Statement”). [Doc. 28]. Plaintiff filed a Response to Defendant’s Statement [Doc. 31] as well as a Statement of Additional Material Facts in Opposition to Debtor/Defendant’s Motion for Summary Judgment. [Doc. 32]. Defendant did not file a response or otherwise controvert Plaintiff’s additional facts. Plaintiff objects generally to Defendant’s Statement on the basis that it did not support the facts asserted therein by citing to “particular parts of materials in the record” as required by Fed. R. Civ. P. 56(c)(1). Federal Rule of Bankruptcy Procedure 7056 which incorporates Federal Rule of Civil Procedure 56 (“Rule 56”) requires that, [a] party asserting that a fact cannot be… genuinely disputed must support the assertion by: (A) citing to particular parts of materials in the record, including depositions, documents, electronically stored information, affidavits or declarations, stipulations (including those made for purposes of the motion only), admissions, interrogatory answers, or other materials; or (B) showing that the materials cited do not establish the absence or presence of a genuine dispute, or that an adverse party cannot produce admissible evidence to support the fact.

Fed.
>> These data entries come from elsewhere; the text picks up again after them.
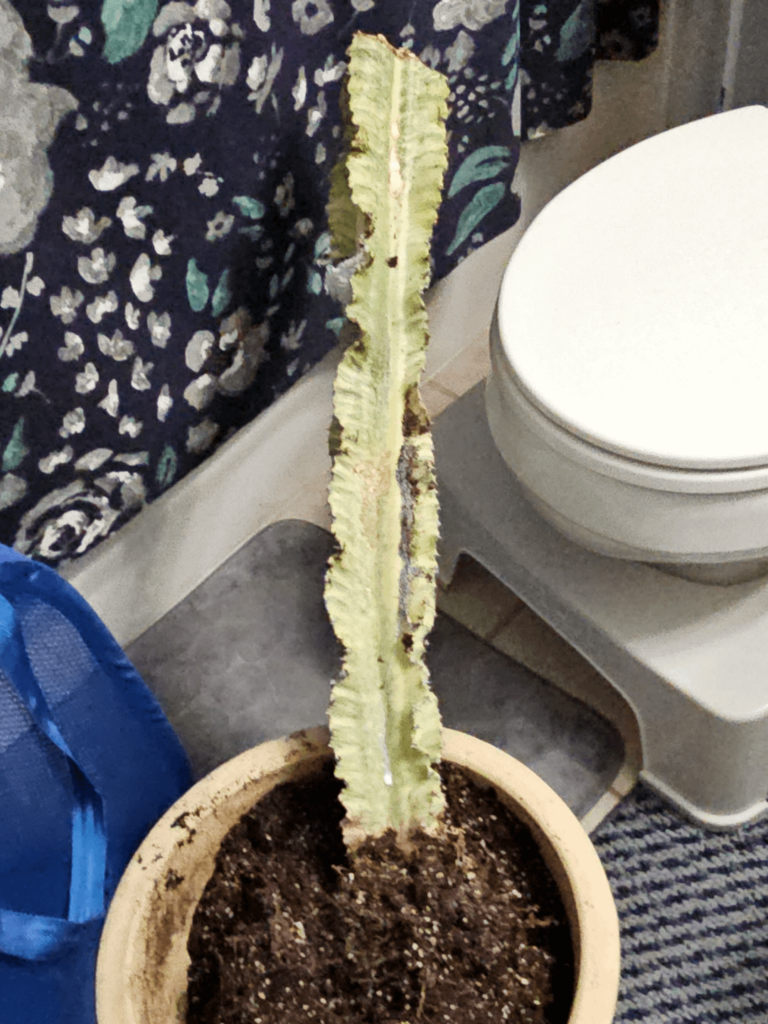 Need help identifying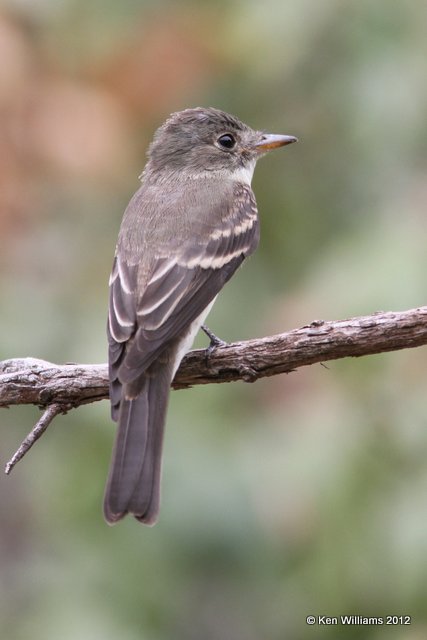 Eastern Wood Pewee, Owasso yard, Rogers Co, OK, 8-14-12, Ja_6522.jpg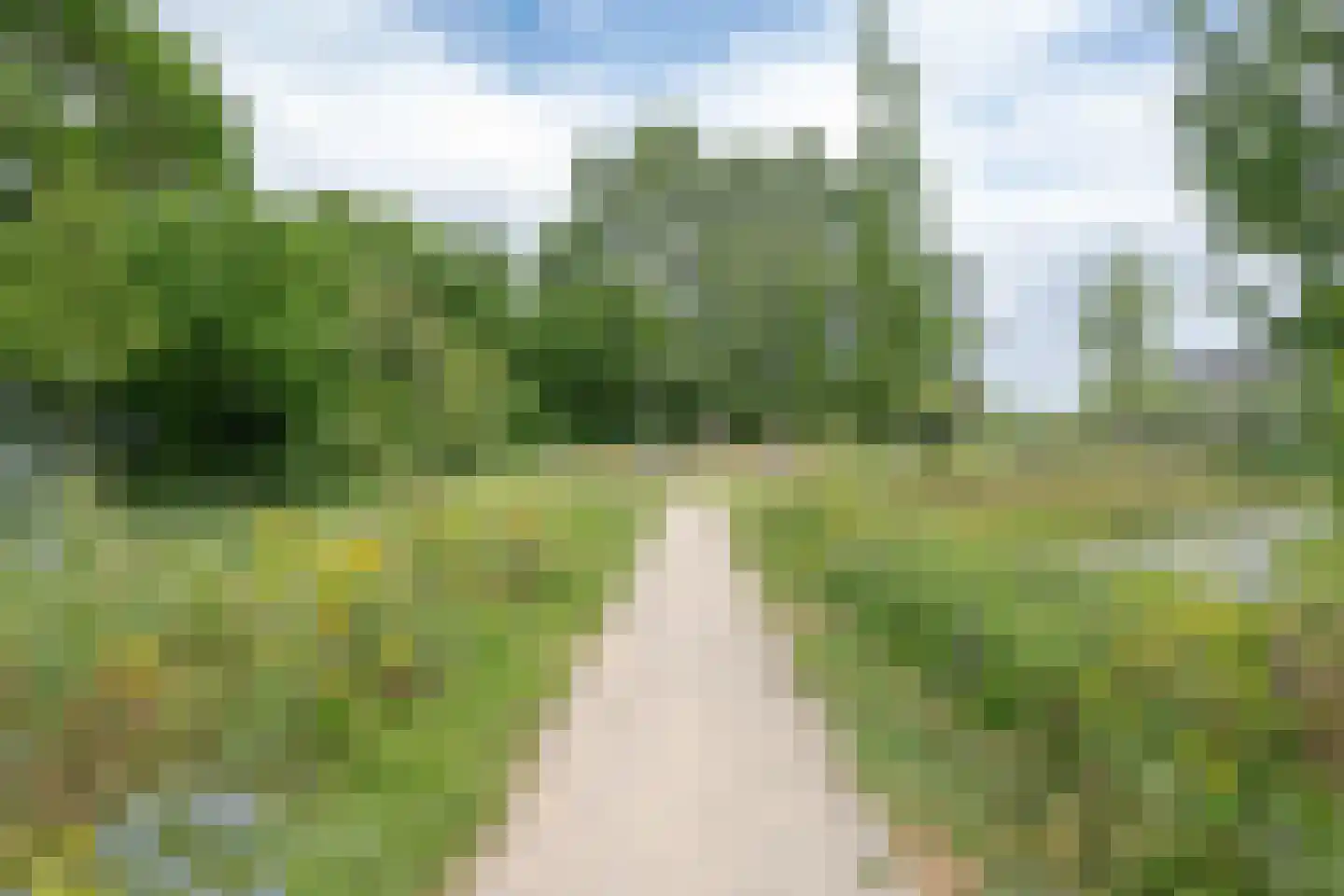 Ruigoord 64 Rotterdam thumbnail 27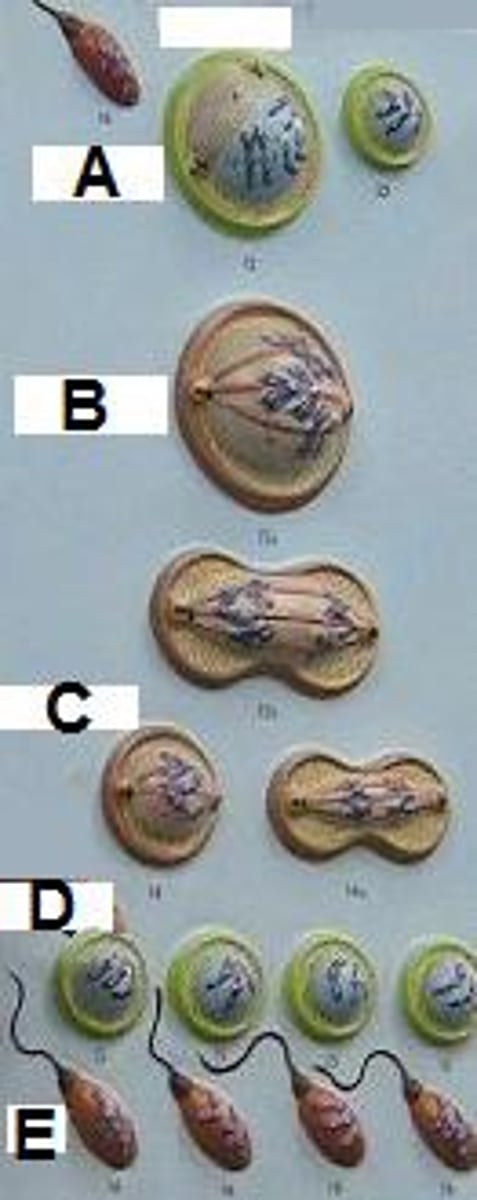 <p>What is this process? Name B, C, D, and E</p>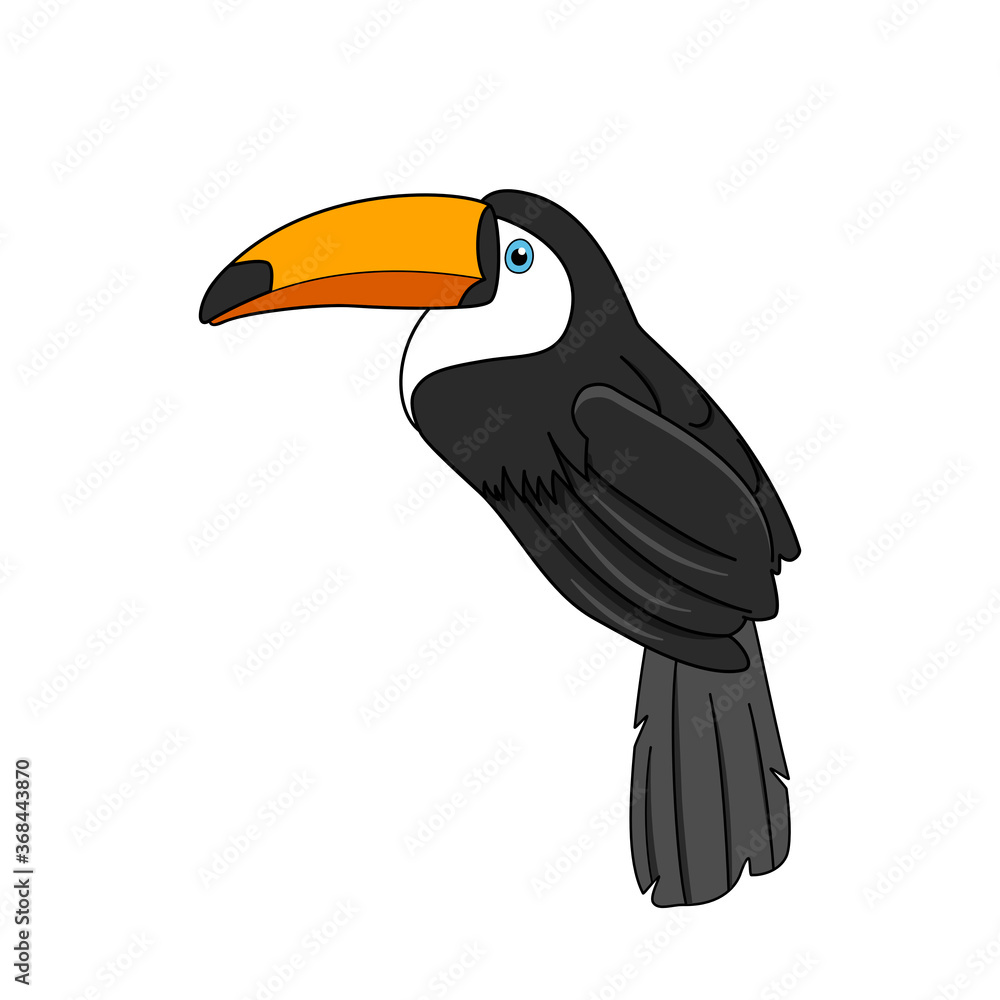 Naklejka premium Toco toucan bird vector design, tropical bird.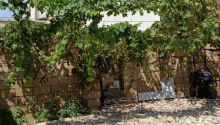 3 otaqlı Villa / Həyət evi, Satış, Abşeron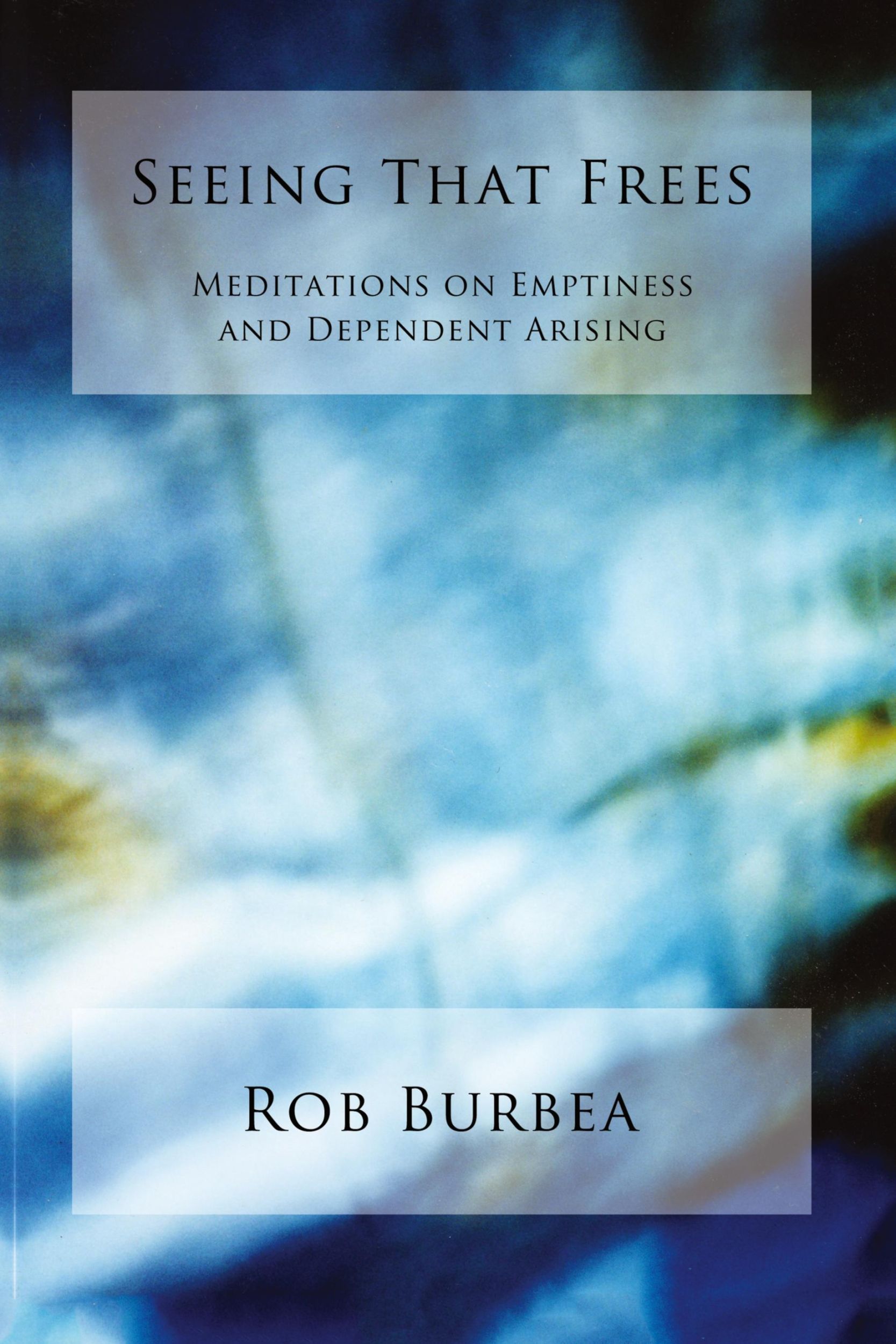 Cover: 9780992848910 | Seeing That Frees | Robert Burbea | Taschenbuch | Englisch | 2014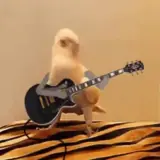 Figurinha de Cachorros para WhatsApp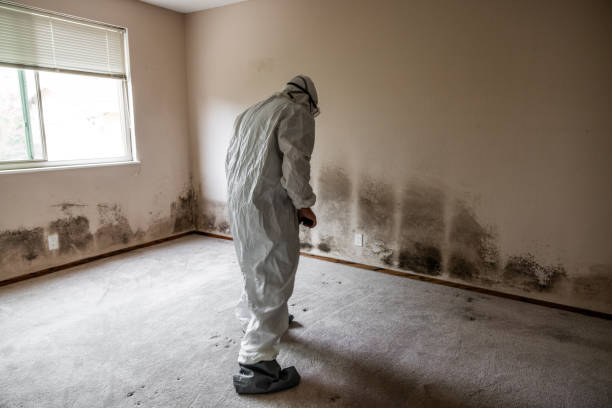Certified Mold Removal in Rhome, TX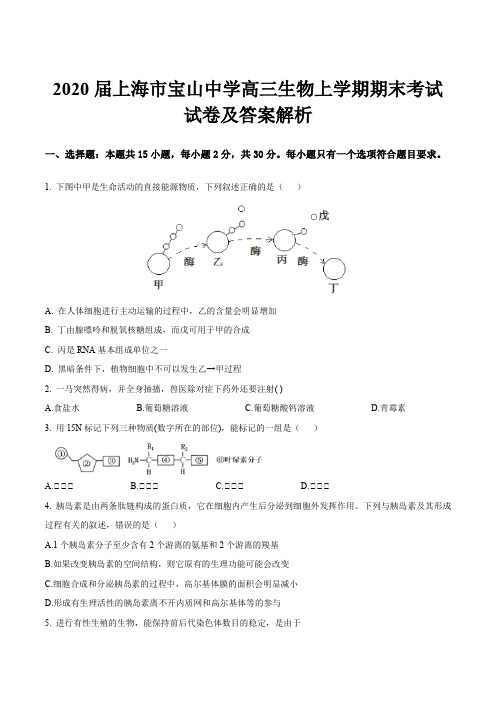 2020届上海市宝山中学高三生物上学期期末考试试卷及答案解析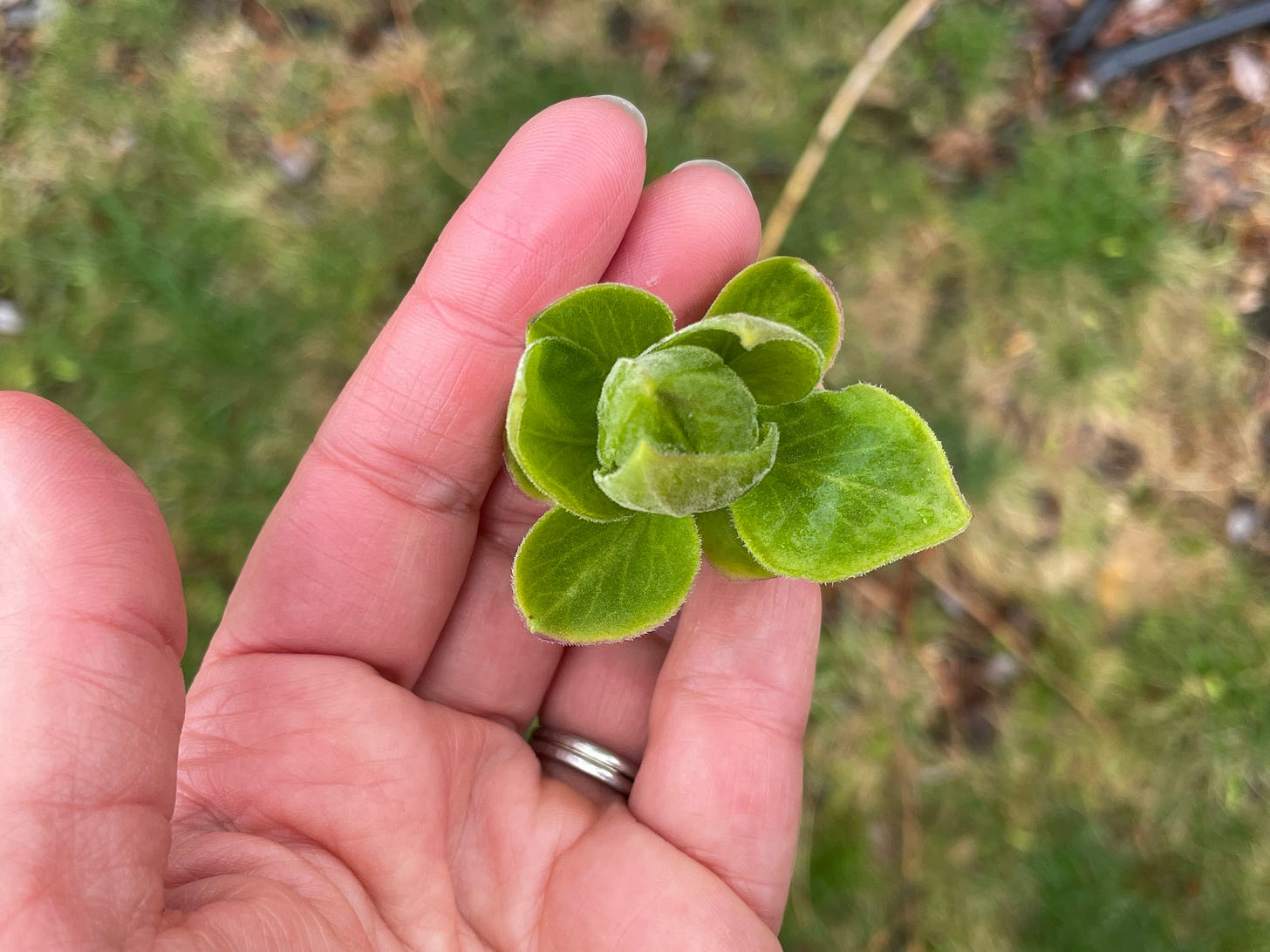 A hand holding a cluster of newly emerged leaves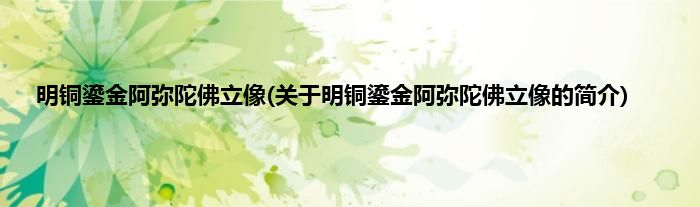 明铜鎏金阿弥陀佛立像(关于明铜鎏金阿弥陀佛立像的简介)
R. Civ. P. 56(c)(1). See also Bankruptcy Local Rule (“BLR”) 7056-1(a)(3) (requiring parties to a summary judgment motion to “clearly identify” record materials the party relies on, including providing “dates and specific page numbers” where appropriate). Defendant’s Statement of Material Facts includes no citations to the record, discovery materials, affidavits, or any other evidence except referencing the Arbitration Proceeding and Corrected Arbitration Award (the “Arbitration” and the “Award”, respectively). [Doc. 28]. Defendant does not provide any direct page or paragraph citations when referencing the Award. Defendant’s lack of support for his factual assertions is in contravention of the requirements of Rule 56(c)(1) to prevail on a motion for summary judgment. However, even without record cites, to the extent Plaintiff has not controverted the facts in Defendant’s Statement, those facts are deemed admitted. BLR 7056-1(a)(2).